Anionic boron species are commonly referred to as borates. Hydroxyoxidopolyborates (“oxidoborates” or “borates”) are a class of anionic boron derivatives that contain boron atoms bound only to hydroxyl oxygen atoms, or oxygen atoms that bridge boron centers. The boron centers may be three- or four-coordinate, and it is the latter (or occasionally deprotonated hydroxyl groups) that formally house the negative charges. Polyborates are readily synthesized from the addition of B(OH)₃ to a basic aqueous solution containing templating cations or by solvothermal methods [1]. Compounds are formed through self-assembly processes involving a dynamic combinatorial library (DCL) [2,3] of polyborate anions that are present in the aqueous reactant solution. The DCL of polyborate anions arise since dissolution of B(OH)₃ in aqueous solution at moderate pH results in numerous polyborate anions in fast-exchange equilibria [4,5]. The polyborate salts obtained from aqueous solution are usually comprised of discrete, insular anions, partnered by the templating cations. Crystalline products are formed, often in high yield, since they are self-engineered through energetically favorable solid-state interactions such as electrostatic charges, ligand–metal coordination bonds, steric effects, H-bonding interactions, and crystal packing forces [6,7]. Products often contain the pentaborate(1−) anion since this anion is well adapted to forming a wide variety of crystalline lattices that are held together by strong H-bond interactions [8,9,10,11]. Polyborates prepared via solvothermal methods are often more condensed with polymeric one-dimensional (1-D) anionic chains, two-dimensional (2-D) planes, or three-dimensional (3-D) nets [1,12]. In an attempt to encourage the formation of new polyborate anions, we recently adopted a strategy of using more highly charged (>+1) inert transition-metal complexes [13] as templating cations. In addition, cations that specifically could form many H-bond donor interactions with polyborate anions were chosen. This strategy was successful and we recently reported two such novel isolated polyborate anions: heptaborate(3−) [14] and octaborate(2−) [15].
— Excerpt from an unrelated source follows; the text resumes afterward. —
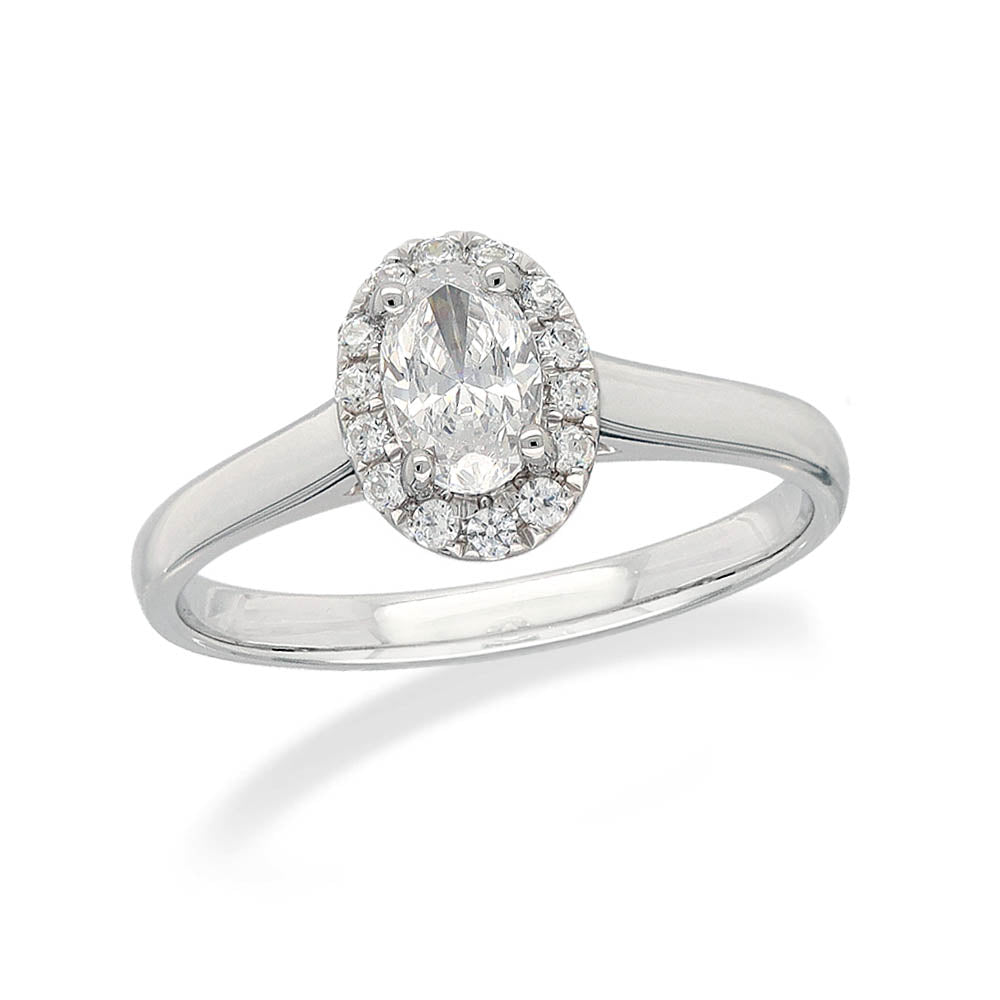 18ct White Gold Oval Cut Diamond Engagement ring, 0.40ct centre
Our work with templating Zn(II) complexes led us to prepare [(H₃NCH₂CH₂)Zn{B₁₂O₁₈(OH)₆}Zn(en)(NH₂CH₂CH₂NH₃)]·8H₂O containing an isolated dodececaborate(6−) anion coordinated to two Zn(II) atoms in monodentate and tridentate modes [16]. Zn(II) amine complexes are labile, with rapid ligand dissociation and substitution reactions [13]; therefore, they form their own DCL of potentially templating cations. Polyborate/Zn((II) chemistry is quite well represented in the literature as either salts of isolated polyborates [17,18] or as polyborates coordinated to Zn(II) sites [17,18,19,20,21,22,23,24]. Additionally, coordinated polyborates may be “isolated” [17,19] or “condensed” [20,21,22,23,24]. The complex Zn[B₃O₄(OH)₃], which contains infinite polyborate chains coordinated to a tetrahedral Zn(II) center [25], is an industrially important polymer additive and preservative in wood composites.

In this manuscript, we describe the synthesis and X-ray diffraction (XRD) structures of two new zinc(II) hexaborate(2−) complexes, [Zn(en){B₆O₇(OH)₆}·2H₂O (1) and [Zn(pn){B₆O₇(OH)₆}]·1.5H₂O (2) (pn = NH₂CH₂CHMeNH₂), which are templated from B(OH)₃ and the Zn(II) amine complexes [Zn(en)₃][OH]₂ and [Zn(pn)₃][OH]₂, respectively. A schematic diagram of the hexaborate(2−) anion found in 1 and 2 is shown in Figure 1. The hexaborate(2−) anions in these complexes are coordinated to two Zn(II) centers and form 1-D polymeric coordination chains. Novel inter-chain H-bond interactions are described and discussed in this manuscript.

2. Materials and Methods

2.1. General

All chemicals were obtained commercially. Fourier-transform infrared (FTIR) spectra were obtained (KBr pellets) on a Perkin-Elmer 100 FTIR spectrometer (Perkin Elmer, Seer Green, UK). Thermogravimetric analysis (TGA) and differential scanning calorimetry (DSC) analysis (in air) were undertaken on an SDT Q600 V4.1 Build 59 instrument (New Castle, DE, USA) using Al₂O₃ crucibles, between 10 and 800 °C (ramp temperature rate of 10 °C·min⁻¹). NMR spectra were recorded on a Bruker Avance 400 spectrometer (Bruker, Coventry, UK) in D₂O and data are reported in ppm with positive chemical shifts (δ) to high frequency (downfield) of tetramethylsilane (TMS) (¹H, ¹³C) and BF₃·OEt₂ (¹¹B). Carbon/hydrogen/nitrogen (CHN) analyses were obtained from OEA laboratories Ltd. in Callington, Cornwall, UK.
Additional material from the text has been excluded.